To do:
Using the material below, print a verbatim copy of every line from the one containing "Indahnya Pesona Semeru dan Bromo" through the one containing "ユニクロ(UNIQLO)のU", inclusive, and omit the pictures.

Record set:
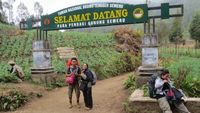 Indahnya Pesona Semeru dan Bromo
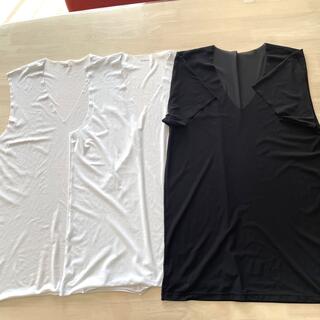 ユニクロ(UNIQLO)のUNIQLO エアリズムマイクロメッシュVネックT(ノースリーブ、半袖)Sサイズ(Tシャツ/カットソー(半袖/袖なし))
--
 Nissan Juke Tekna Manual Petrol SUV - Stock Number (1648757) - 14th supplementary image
* * *
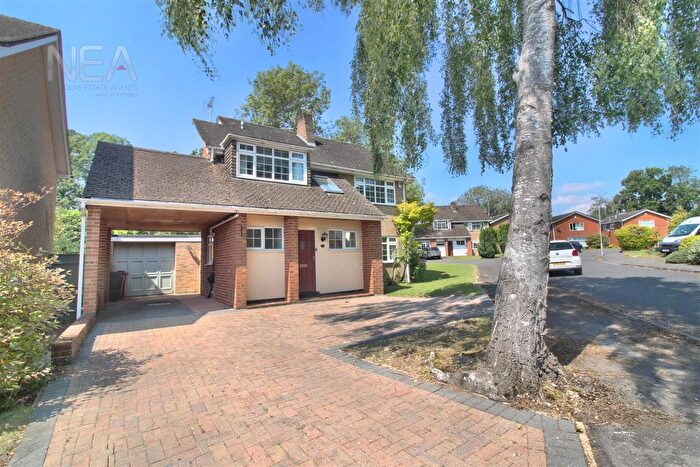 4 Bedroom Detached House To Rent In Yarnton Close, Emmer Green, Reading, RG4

Task result:
 Indahnya Pesona Semeru dan Bromo
 ユニクロ(UNIQLO)のUNIQLO エアリズムマイクロメッシュVネックT(ノースリーブ、半袖)Sサイズ(Tシャツ/カットソー(半袖/袖なし))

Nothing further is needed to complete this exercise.